On May 11, 1860, a 53-year-old revolutionary named Giuseppe Garibaldi landed at the Sicilian port of Marsala with approximately one thousand volunteer soldiers. His seemingly impossible mission was to foment a Sicilian rebellion against the Bourbon monarchy with his ultimate goal of supporting the unification of Italy. Within weeks of his landing in Sicily, Garibaldi’s forces had taken Palermo. Within six months, Garibaldi’s revolution had brought down the Kingdom of the Two Sicilies, and all of Sicily and Southern Italy were incorporated into the new Kingdom of Italy
Thus, in 1860 Sicily became a part of the new unified Italian government, whose capital was initially in Turin, and later transferred to Rome. Sicily had voted overwhelmingly to join the new Kingdom of Italy, but was immediately disillusioned as the new Italian government violated all the promised reforms made by Garibaldi to the Sicilian people. The Italian government was dominated by the interests of the wealthier, industrialized Northern Italian regions, who considered their Sicilian and Southern Italian citizens to be uneducated, uncouth peasants to be exploited as a source of taxes, conscripts, and agricultural labor. Within two decades of unification, Sicilians began leaving the island in unprecedented numbers in search of work. Between 1880 and 1920, approximately 1.5 million Sicilians emigrated as part of the Great Italian Migration, the majority headed to the United States, which was experiencing a major labor shortage due to rapid industrialization and the growth of American cities.

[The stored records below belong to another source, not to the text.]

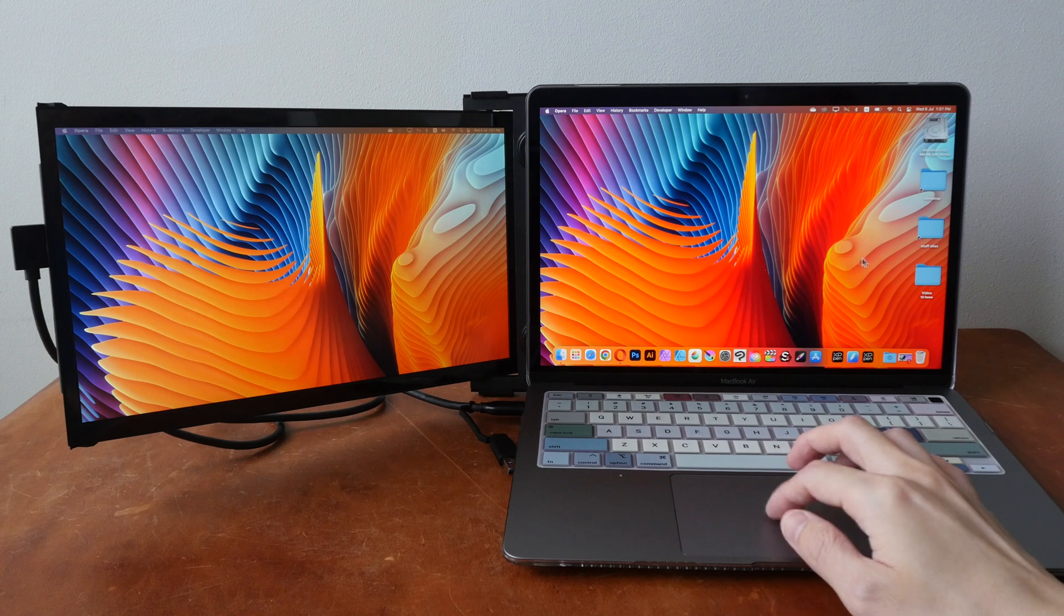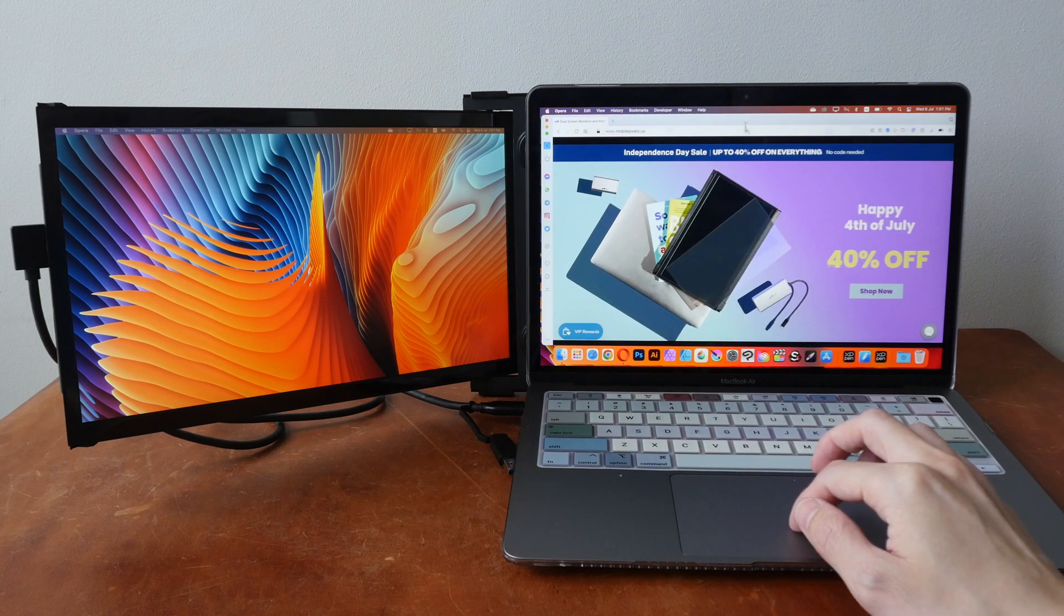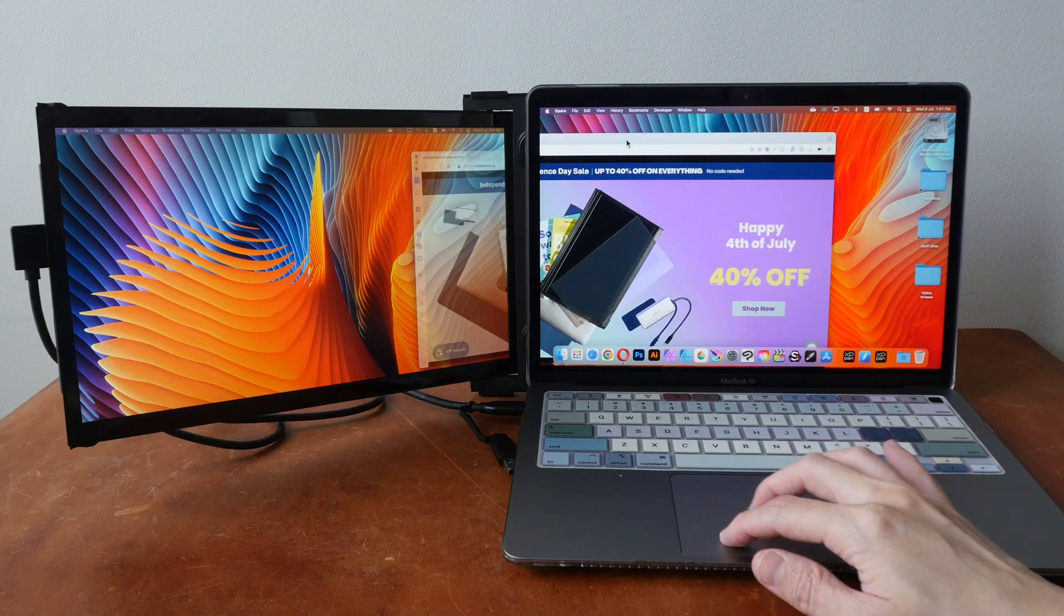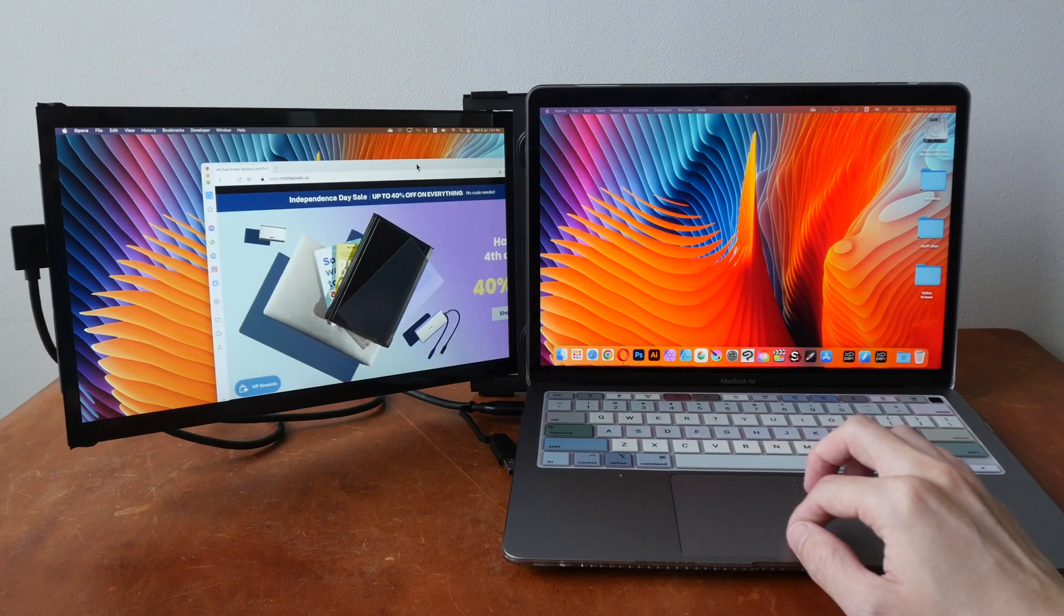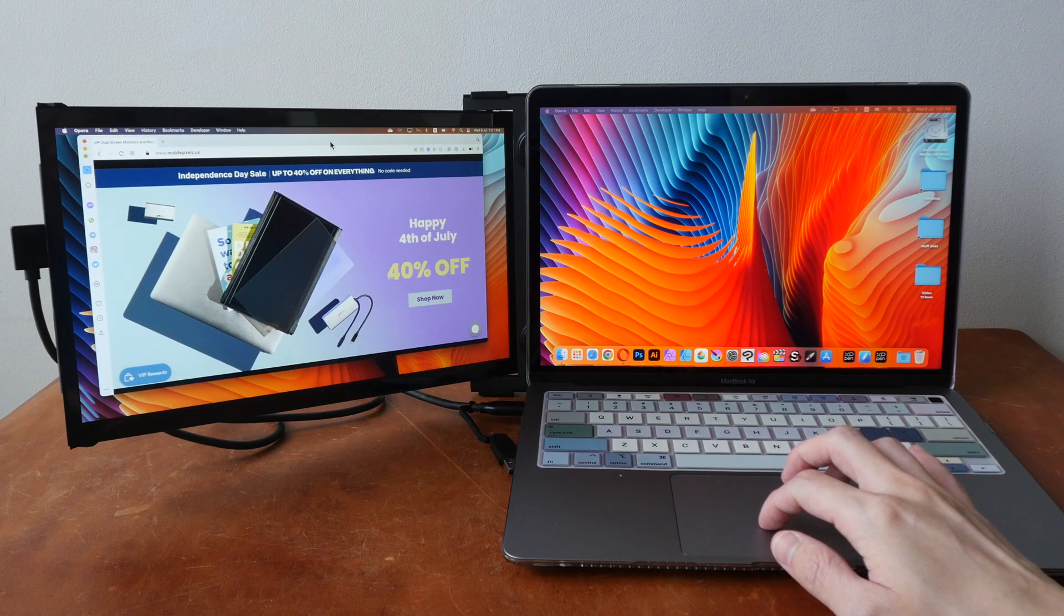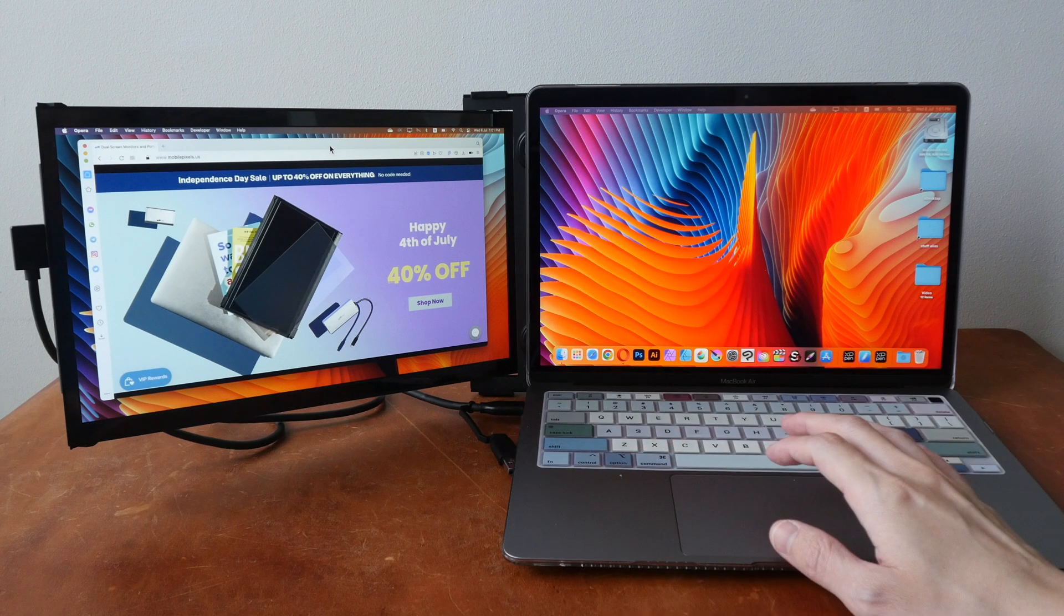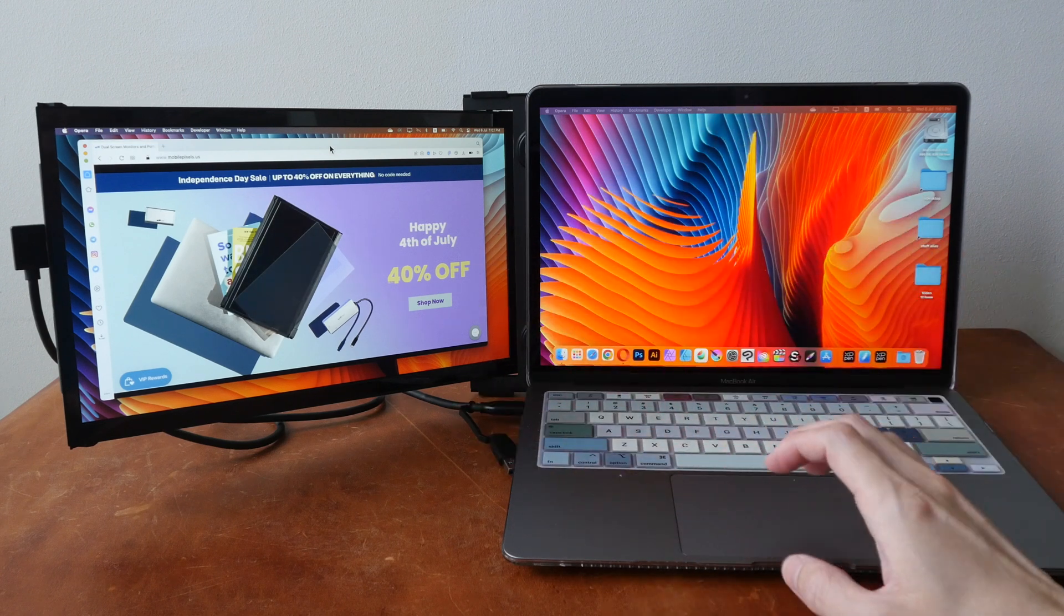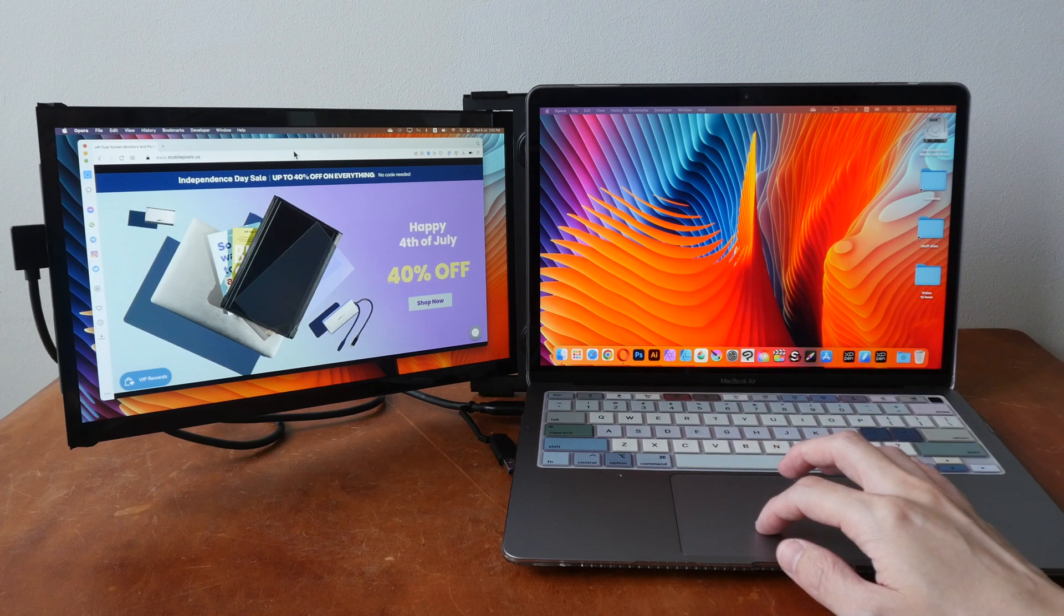As a visual content creator, the downside of this display for me would be the color accuracy. So this display is not going to be suitable for work that requires color accuracy. But if you are just going to be using this as an extended display to show more content for productivity, I think it works great.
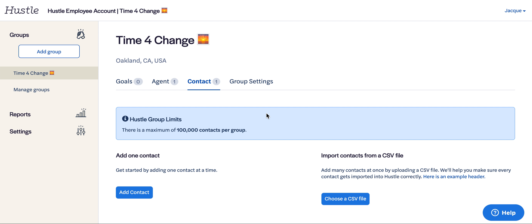There are two ways to add contacts in Hustle: adding one contact at a time or via CSV file. Make sure you're on the contacts tab and then click the blue button for add contact to add one at a time.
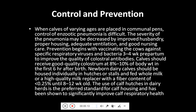The use of individual hutches in dairy herds is the preferred standard for calf housing and has been shown to significantly improve calf respiratory health. So this was all — thank you so much.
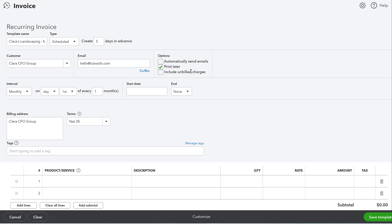We're going to use the email hello@claracfo.com. The invoice will be automatically sent by email, and we won't print it. You can also choose to include any unbilled charges — so if the landscapers had included extra items like mulch or fertilizer, they could charge those to the account and get them added. That option might not be for everybody, so let's leave it off for now.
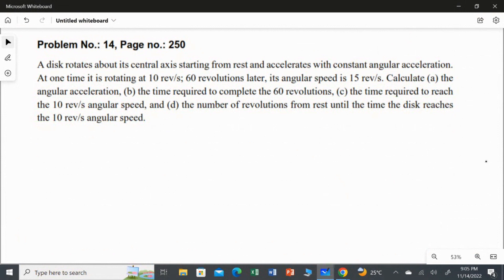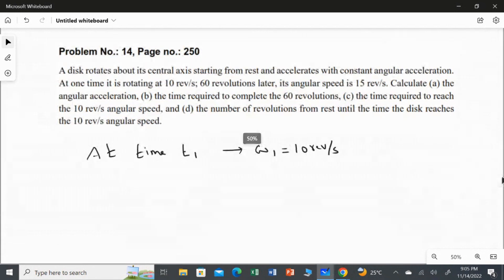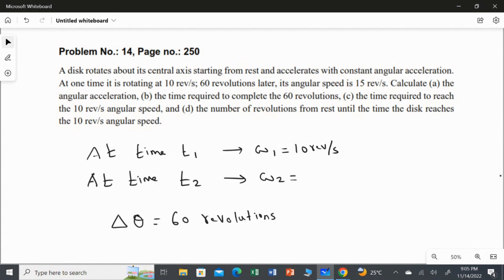That means its angular speed at time t1 is exactly equal to 10 revolutions per second. Then, 60 revolutions later — which is delta theta — its angular speed is 15 revolutions per second. So at time t2, the angular speed is 15 revolutions per second.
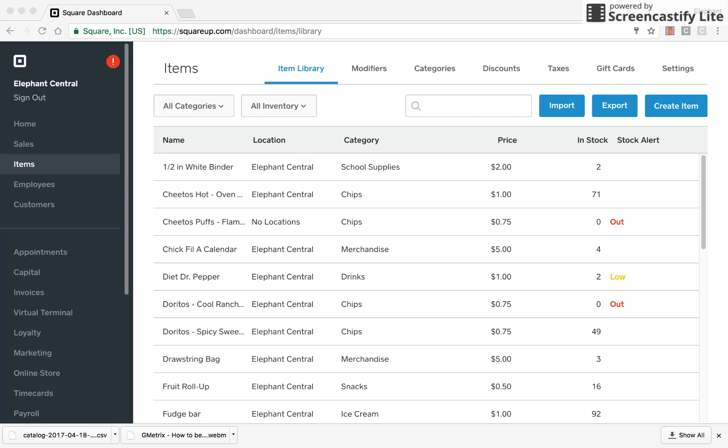Knowing our inventory is important to make sure that we are entering everything that we sell in our Square point-of-sale system to make sure that all of our sales are being recorded successfully.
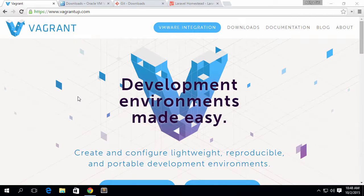Hello dear, my name is Adit and in this video I am going to show you how to set up Vagrant with Laravel Homestead on your local machine, especially on Windows. So let's get started.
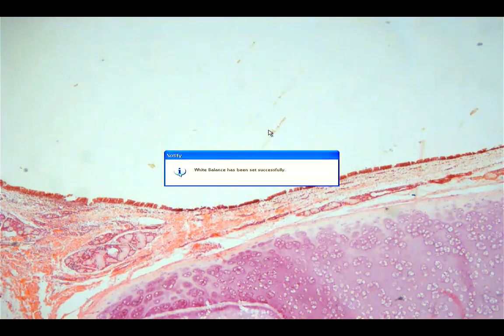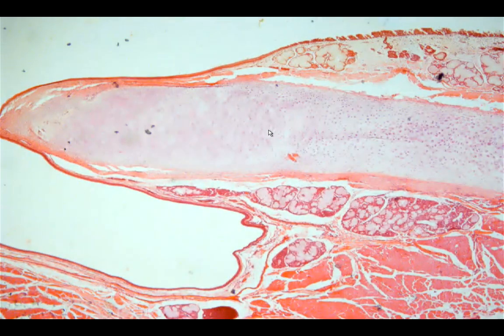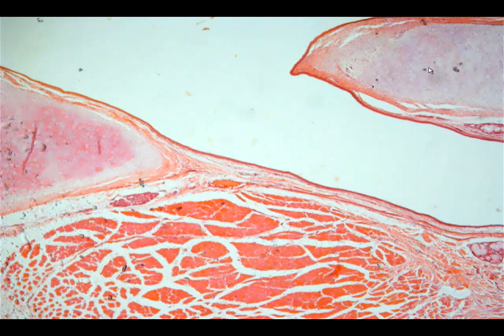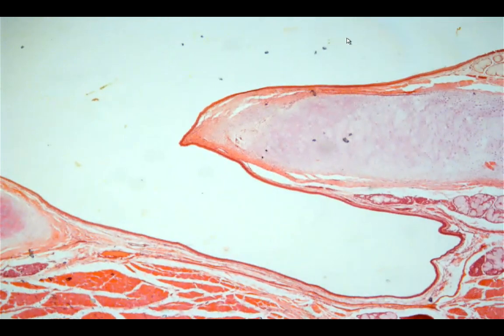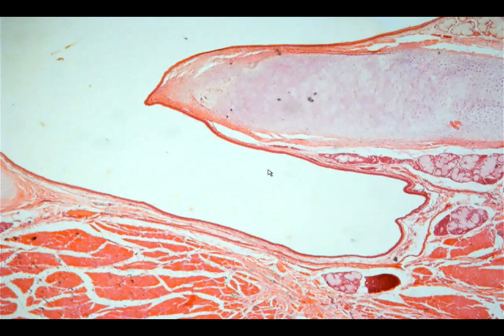Next we go to the larynx, which is our voice box. The larynx contains the glottis, which is composed of two vocal folds. This is the true vocal fold or vocal cord. The other fold is called the false vocal cord or ventricular fold. The recess or space in between them is called the ventricle.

The 20th century brought Sicily fascism, then World War II, then the Allied invasion of 1943 (Operation Husky, at that point the largest amphibious operation in history). Post-war Sicily struggled against entrenched poverty and the growing power of the Mafia, which reached the zenith of its power in the 1980s and early 1990s. The power of the Sicilian Mafia was ultimately broken by Italian law enforcement following the 1992 assassinations of two anti-Mafia magistrates Giovanni Falcone and Paolo Borsellino in spectacular bomb attacks. These murders ignited a popular public backlash that broke the Mafia’s grip on Sicilian society. In the 21st century Sicilians have reclaimed control of the island from the Mafia, whose power has been substantially diminished.